No issue, I'm not confronting you.
imo we're having an interesting philosophical chat about a completely hypotetical situation, and I don't think there's a right or wrong. That's why I spread some "imo" around.
I just pointed out that if you consider that "you" didn't die because you are still the person on the other side, then when copies are made (something possible in that reality), then "you" become more than one person (split you, or split personality).
It all boils down to what we consider "I", I guess. It seems I consider "I" as a continuum from birth to death, a set of continuous conscience and experiences - if I'm braindead then start from scratch today, I don't consider that individual is "me" anymore; it's just my body, now belonging to another person.
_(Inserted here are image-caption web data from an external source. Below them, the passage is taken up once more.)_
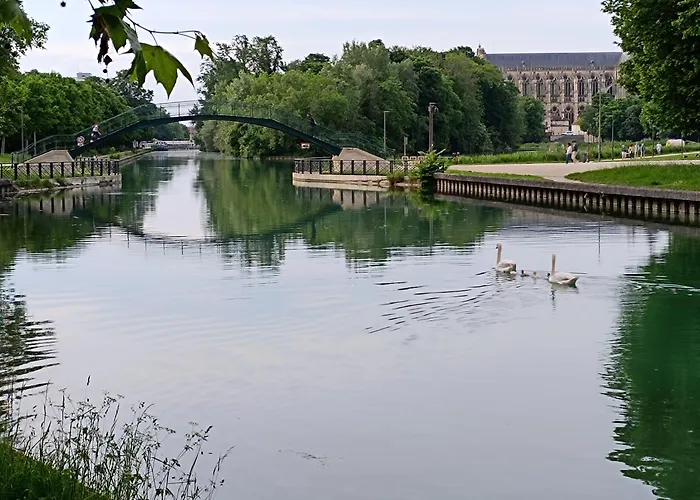 Proche Gare Et Centre-ville, Parking Gratuit Et Facile, Wifi Lägenhet Châlons-en-Champagne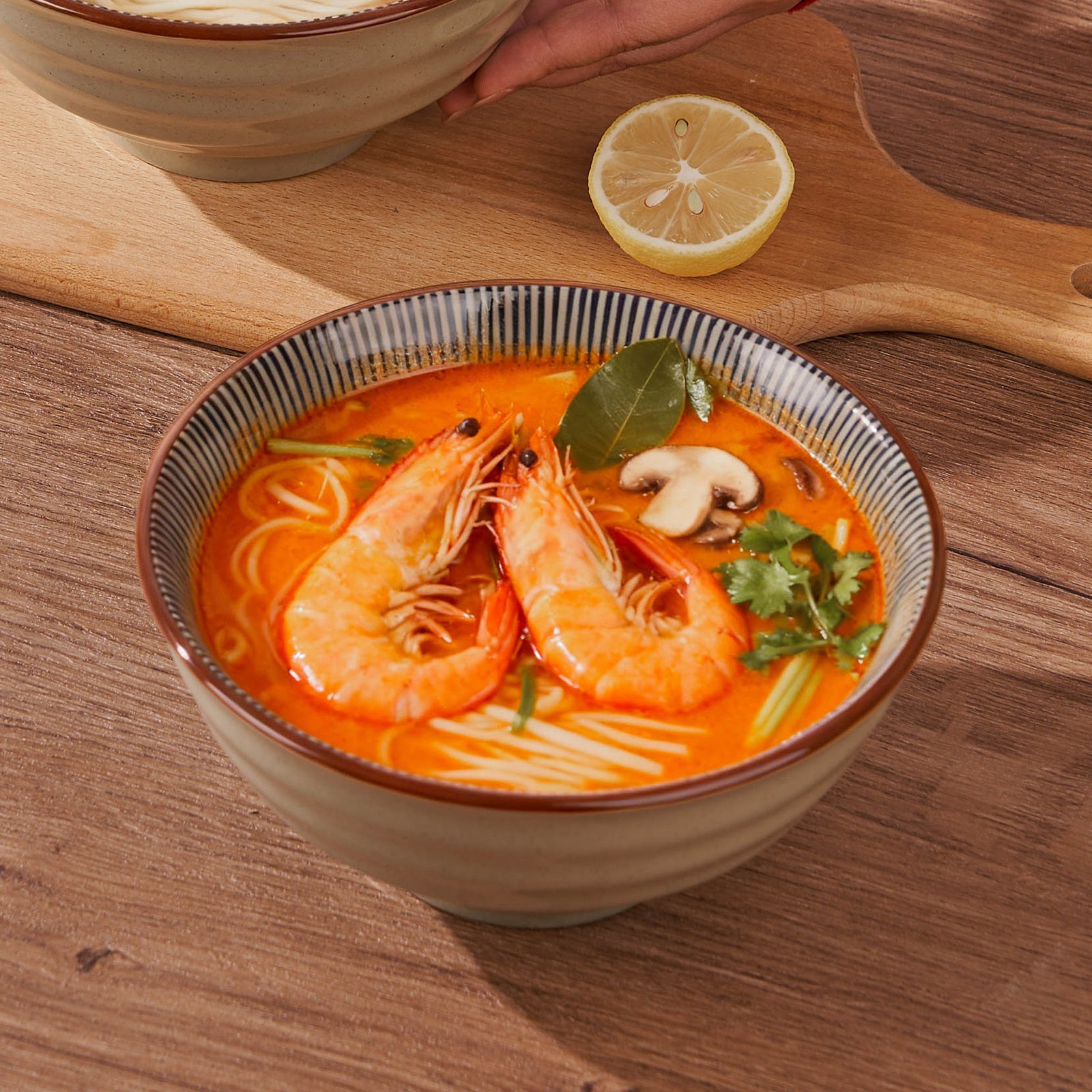 2\u002F4pcs 7-Inch Striped Ceramic Pasta Bowl | Underglaze Color Design, Durable and Easy to Clean, Ideal for Soup, Ramen, Pasta, and Salad, Microwave Safe, Suitable for Home, Kitchen, Restaurants, Parties, and Festive Events - YOLIFE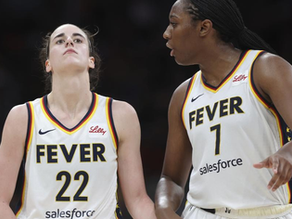 Caitlin Clark está bien tras abandonar partido por susto de lesión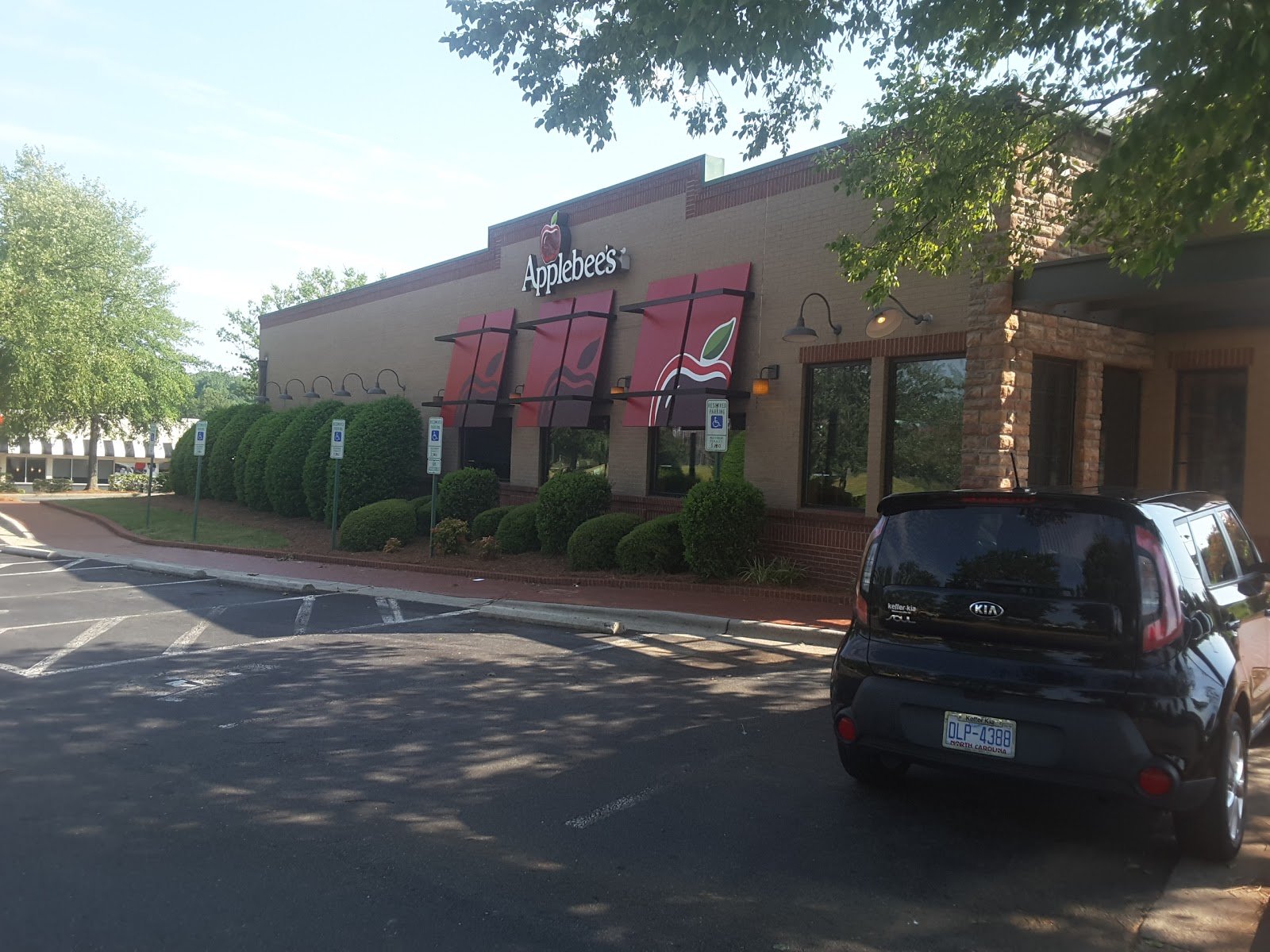 Applebee's Grill + Bar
The previous "I" died, and even if others see that body as "me", for "dead me" that's not the case.
You on the other hand seem to consider that "you" are what you are at this moment. So the copies (or the single rebuilt if the transporter doesn't glitch) are not "you" anyway, because as you said, you are not the same person as a second ago, sitting in your couch. So dying here and being rebuilt there makes no difference.
Just different takes on "self" conscience.
I've been on the internet for too long, so based on experience I start vaguely suspecting confrontation in any exchange longer than two comments :)
The Riker problem is of course interesting and I don't know what I'd do in that situation ~~(other than make out - just like Will and Tom did)~~ or how I think I/we would decide who gets to be the "real one", for lack of a better term. I'm very glad I won't ever have to figure that out. But yes, that's probably what my view implies: there'd be two of "me", exact copies. Like when I copy a file to two different hard drives and then delete the source. There'd be no "real" one, they're both the same file, just in different places.
I'll have to think about your view because, I have to admit, I'm having trouble really seeing it and that's annoying me. It's just too different from how I think, I suppose. Thank you for giving me some food for thought then :)
Well thank you; we then exchanged good thought sandwiches.
I think what we are musing about with this impossible situation boils down to defining the nature of conscience (awareness of existence), which has been discussed for centuries with no absolute single definition. If we could prove with no doubt that any of us is right or wrong, we'd probably be the first to get a Philosophy Nobel prize.